Dataset entries

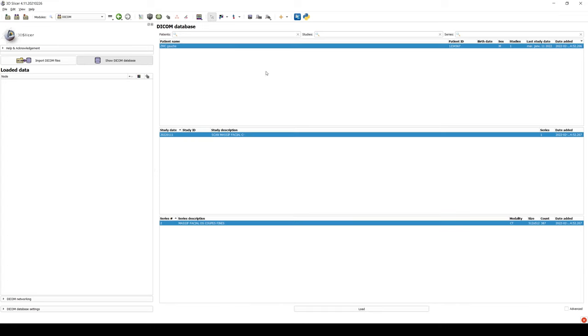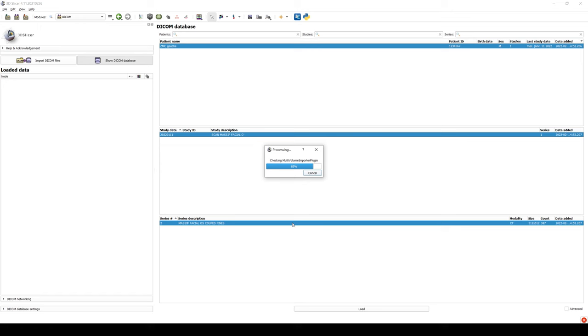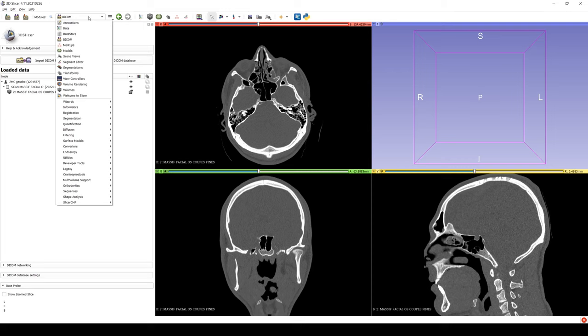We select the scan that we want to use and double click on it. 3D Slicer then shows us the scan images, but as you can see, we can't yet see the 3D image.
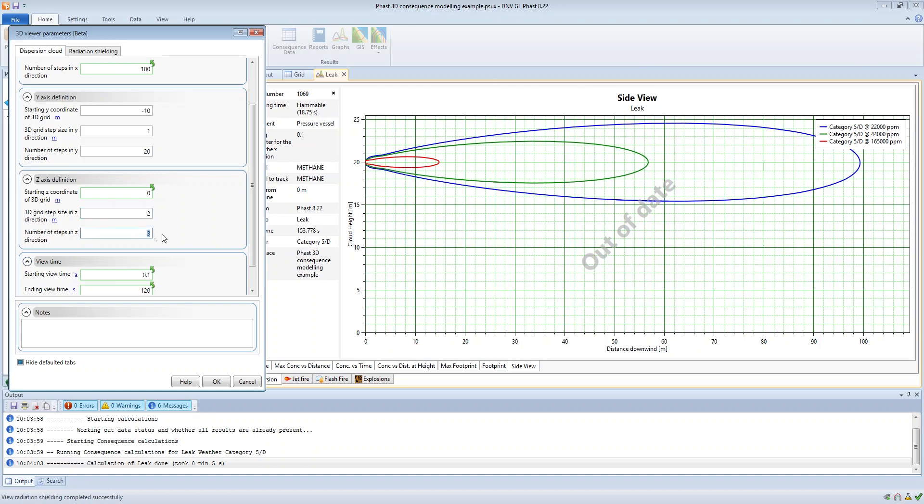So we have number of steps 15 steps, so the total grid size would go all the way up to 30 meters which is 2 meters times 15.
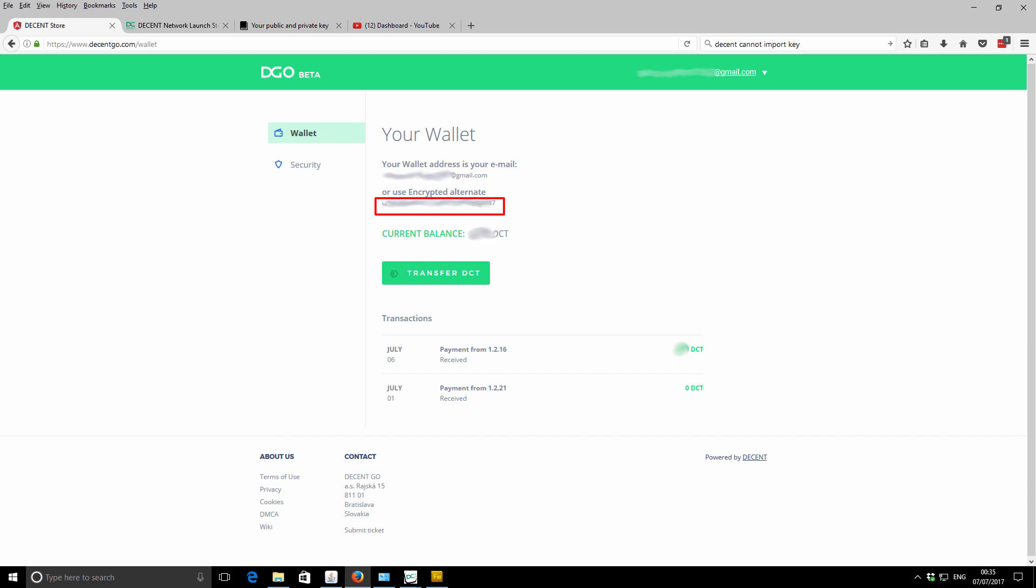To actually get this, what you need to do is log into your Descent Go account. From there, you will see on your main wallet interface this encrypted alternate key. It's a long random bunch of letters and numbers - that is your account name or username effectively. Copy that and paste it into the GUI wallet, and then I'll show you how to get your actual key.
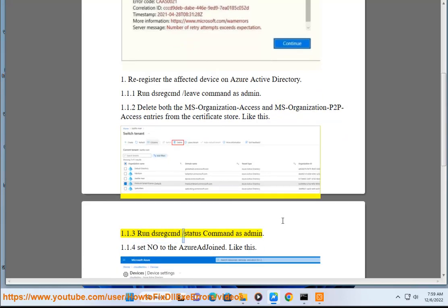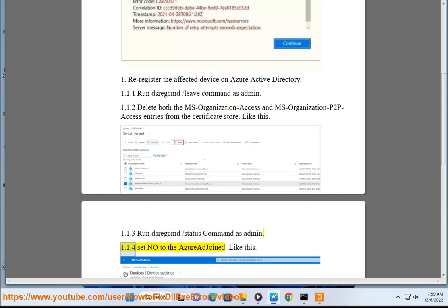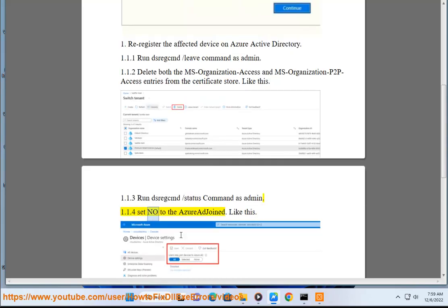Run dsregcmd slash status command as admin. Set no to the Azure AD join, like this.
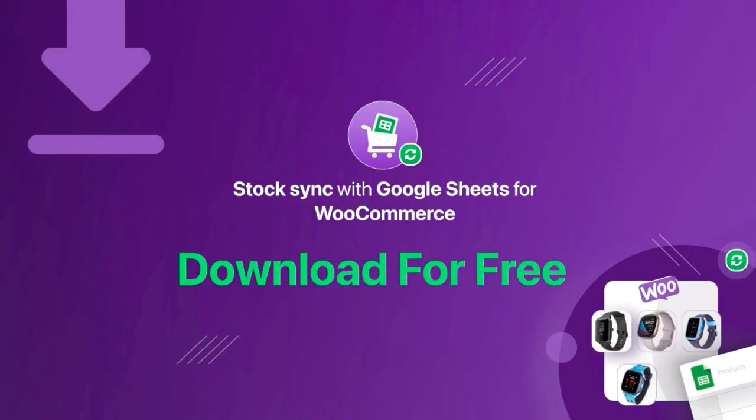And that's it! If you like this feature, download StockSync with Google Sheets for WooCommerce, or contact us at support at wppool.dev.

TASK TO COMPLETE: Write the records out again exactly as shown above, keeping no pictures.

YOUR SOLUTION:
We select the scan that we want to use and double click on it. 3D Slicer then shows us the scan images, but as you can see, we can't yet see the 3D image.
So we have number of steps 15 steps, so the total grid size would go all the way up to 30 meters which is 2 meters times 15.
To actually get this, what you need to do is log into your Descent Go account. From there, you will see on your main wallet interface this encrypted alternate key. It's a long random bunch of letters and numbers - that is your account name or username effectively. Copy that and paste it into the GUI wallet, and then I'll show you how to get your actual key.
Run dsregcmd slash status command as admin. Set no to the Azure AD join, like this.
And that's it! If you like this feature, download StockSync with Google Sheets for WooCommerce, or contact us at support at wppool.dev.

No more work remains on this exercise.